Шона това!

Sep 13, 2007 00:09

В последние годы Юра Визбор часто вспоминается мне. Что за человек был! Вот, раз мы сидели на Цветном бульваре, зимой, на скамейке - на спинке скамейки - втроём. Юра, ещё один человек, который потом стал фашистом, близким другом Баркашова, а тогда ещё был нормальным человеком и очень хорошим парнем, и я. И пили мы водку из горла. Было очень морозно. По очереди мы прикладывались к бутылке, и закусывали единственным, очень вкусным ледяным яблоком, так что зубы ломило. И в воздухе искрилась снежная пыль. И так прекрасна была жизнь.

Милиционер неторопливо, угрожающе двинулся к нам - распитие спиртных напитков…. Но он остановился, подойдя поближе.

- Товарищ Визбор?

- Какой я тебе Визбор? Ты что, не видишь? Я Мартин Борман, в розыске с 1945 года. Живей вызывай наряд, а то я опять сбегу….

Мы смеялись. И засмеялся мент….

Сейчас, когда у меня есть наушники, я едва ли не каждый день слушаю одну его песню. Вот, ссылка. Можно прослушать по ней:

http://www.bard.ru/cgi-bin/mp3.cgi?id=493.21

Только что меня научил этому Николаич, за что ему огромое спасибо.

Но я решил и текст привести здесь полностью, потому что это стихи. Это можно петь, слушать, а можно и читать, как стихи - по-моему. Песня эта мне очень дорога по причинам, о которых можно догадаться. Юра умел уходить, и жить в прошлом: "Вставайте, граф, уже друзья с мультуками коней седлают около крыльца...". Мультук это что-то вроде аркебузы, мультуками вооружены были янычары. И мне иногда удаётся жить в прошлом, и назад возвращаться.

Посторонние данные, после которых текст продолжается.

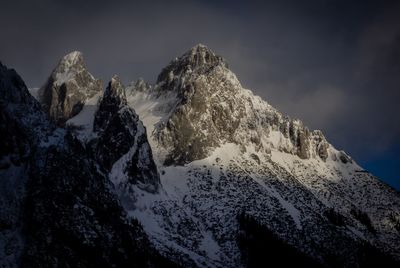 Low angle view of snowcapped mountains against sky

Но самое важное для меня - последние две строки.

Так выпьем ребята, за Женьку,
За Женечку пить хорошо,
Вы помните, сколько сражений,
Я с именем Женьки прошел?
И падали годы на шпалы,
И ветры неслись, шелестя,
О, сколько любимых пропало
По тем непутевым путям.

И в грохоте самосожженья,
Забыли мы их навсегда,
Ну, Женя, вы помните, Женя!
Я с ней приходил вот сюда,
Тогда - в девятнадцатом веке….
Да, вспомните вы, черт возьми!
Мне двор представляется некий,
В Саратове или в Перми.

То утро вставало неброско,
Лишь отсветы на полу,
Голландкою пахло и воском,
И шторой, примерзшей к стеклу.
А вы, будто только с охоты -
Я помню такой кабинет,
И пили мы мерзкое что-то,
Похожее на Каберне.

Но все же напились порядком,
И каждый из вас толковал:
Ах-ах, молодая дворянка,
Всю жизнь я такую искал.
Ну, вспомнили? То-то. И верно:
Ни разу с тех пор не встречал
Я женщину более верных,
И более чистых начал.

Не помню ничьих я объятий,
Ни губ я не помню, ни рук...
- Так где ж твоя Женька, приятель?
Сюда ее, в дружеский круг!
- Да, где-то гуляет отважно,
На пляже каком-то лежит.
Но это не важно, не важно:
Я крикну, она прибежит….

- Ну, что, гражданин, ты остался один,
Закрывать нам пора.
- А он заплатил?
- Рассчитался...
- Намерен сидеть до утра?
- Да нет…. По-привычке нахмурясь,
Я вышел из прошлого прочь...,
Гостиница "Арктика". Мурманск.
Глухая полярная ночь.

И вот, сейчас на работе, когда авсака - короткий перерыв, когда можно перекусить, попить кофе или ледяной воды и покурить - и мы собрались все вместе - три четверти чернокожих, несколько «русских», то есть евреев, просто русских, украинцев, молдаван, и вот, когда мы сидим и дышим под негромкий разноязыкий говор, вот в такой момент, я иногда вдруг произношу это:

Гостиница «Арктика». Мурманск.
Глухая полярная ночь.

Ребята из Эфиопии сначала пытались, понять, что это. Но те из наших, кто знает иврит, не могли объяснить. Как рассказать африканцу, который не знает, что такое Адис-Абеба, о городе Мурманске, о полярной ночи, о знаменитой гостинице?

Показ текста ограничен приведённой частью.